Educational requirements: Bachelor
English requirements: Competent English
Requirements for skilled employment experience for years: 1-3 years
Required residence status: Temporary visa, Permanent resident, Citizen
Accept remote work: unacceptable
About the role
We are looking for a full-time Data Scientist to join our Modelling (Data Science) team.
The Modelling Team is in charge of making the highest possible quality solar data for our customers. We build, deploy, and monitor predictive models. These take satellite imagery, surface measurements and numerical weather prediction (NWP) data to predict irradiance and solar power for the past, present and future.
Experience we are looking for
Predictive model development (e.g. ML, statisical, mathematical-physical, etc...) . You've collected data from disparate sources. You've cleaned that data. You've cleaned it again. And again. You've built models that turn that data into predictions. You've wrangled with the intangibles of what you actually want to optimise vs what simple error statistics optimise.

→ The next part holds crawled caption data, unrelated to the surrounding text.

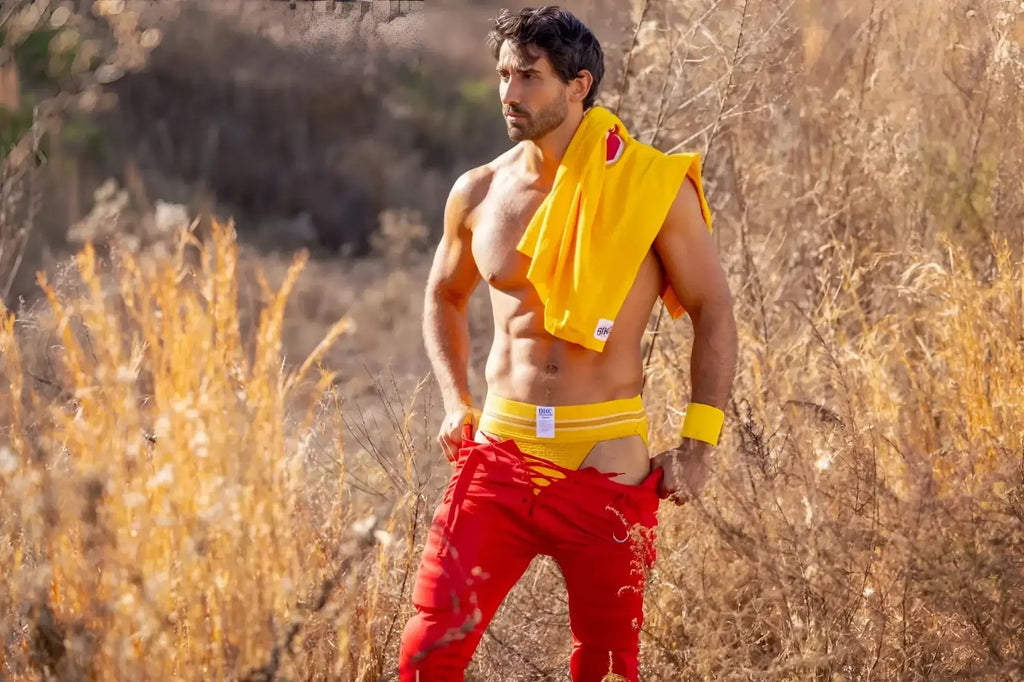 BIKE Athletic BAS306 Original Number 10 yellow jockstrap in a lifestyle shot with a model outdoors.
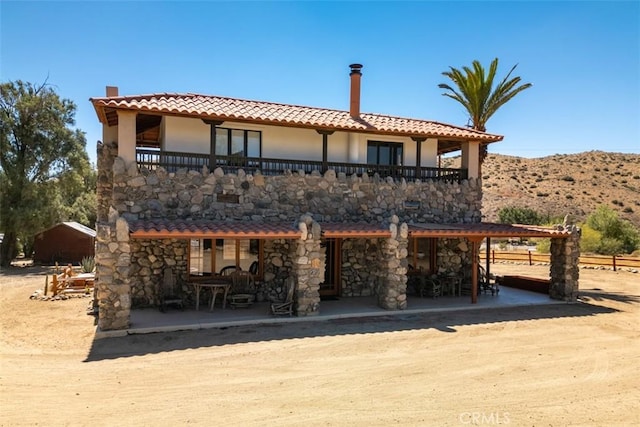 rear view of property featuring a patio area and a mountain view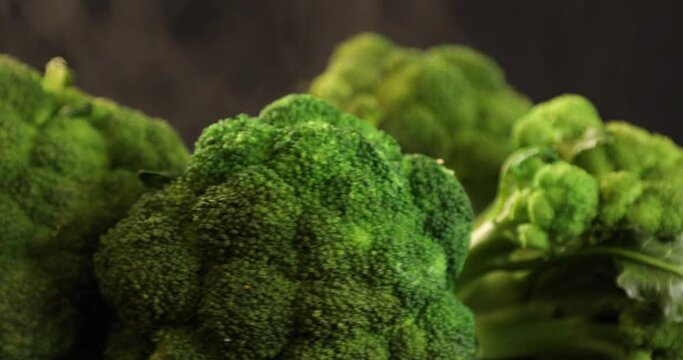 Green fresh broccoli with steam rotating at black background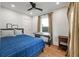 Tranquil bedroom featuring hardwood floors, neutral walls, and a cozy bed with blue patterned bedding at 2115 Wappoo Dr, Charleston, SC 29412
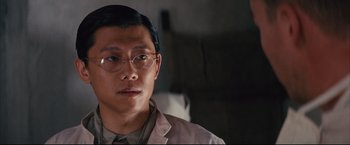 Movie still from “The Painted Veil” (2006), directed by John Curran – A person wearing a suit and glasses; Close Up shot, Low angle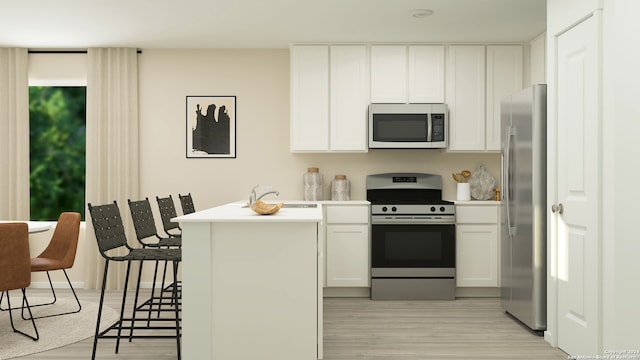 kitchen with a breakfast bar, sink, light hardwood / wood-style flooring, appliances with stainless steel finishes, and white cabinetry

Predictive model deployment. You've had your models running in operations with real data. You've dealt with out-of-bounds data, NaN data, late data, missing data, too-slow-to-query data, too-slow-to-process data, etc...
Predictive model monitoring. You've discovered you've overfitted your model, that the model has drifted, that a data feed has changed on you, you've caught bad output before a customer, or maybe even you have reassured yourself that for today all systems are nominal!
Physical sciences knowledge. Any prior exposure to meteorology, solar radiation and photovoltaic power modelling is a plus, but more importantly you have the physical sciences background and ability to learn the new scientific domain with the support of your colleagues on the job.
Scientific computing. You have worked with numerical data and algorithms in Python (our workhorse, with heavy use of NumPy and Pandas), or Julia, Fortran, Scala, MATLAB, etc...
Software Development. We build models that we deploy to production, and work closely with our software developers to ensure that our data can be delivered to customers. We use Git, CI/CD, unit tests, Docker, Linux, AWS (S3, Batch + others).